**TRY IT:** From the line with "Amazing Antique Hand" to the line with "02A911287B — Audi", retype every line exactly, including those two, and leave out the rest of the data below.

== GIVEN INFORMATION ==

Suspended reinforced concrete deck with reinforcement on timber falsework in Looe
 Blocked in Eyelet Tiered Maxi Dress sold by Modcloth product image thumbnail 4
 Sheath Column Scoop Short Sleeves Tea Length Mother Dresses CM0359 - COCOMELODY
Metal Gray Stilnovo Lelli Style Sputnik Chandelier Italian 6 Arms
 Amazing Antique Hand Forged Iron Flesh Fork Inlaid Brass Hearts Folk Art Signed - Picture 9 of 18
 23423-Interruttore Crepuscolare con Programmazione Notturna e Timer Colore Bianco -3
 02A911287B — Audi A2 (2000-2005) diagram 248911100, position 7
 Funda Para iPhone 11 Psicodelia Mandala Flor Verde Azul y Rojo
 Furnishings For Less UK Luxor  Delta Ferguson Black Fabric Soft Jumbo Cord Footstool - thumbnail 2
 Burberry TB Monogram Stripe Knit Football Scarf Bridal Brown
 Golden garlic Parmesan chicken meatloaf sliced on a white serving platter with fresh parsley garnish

===

**RESULT OF THE EXERCISE:**
 Amazing Antique Hand Forged Iron Flesh Fork Inlaid Brass Hearts Folk Art Signed - Picture 9 of 18
 23423-Interruttore Crepuscolare con Programmazione Notturna e Timer Colore Bianco -3
 02A911287B — Audi A2 (2000-2005) diagram 248911100, position 7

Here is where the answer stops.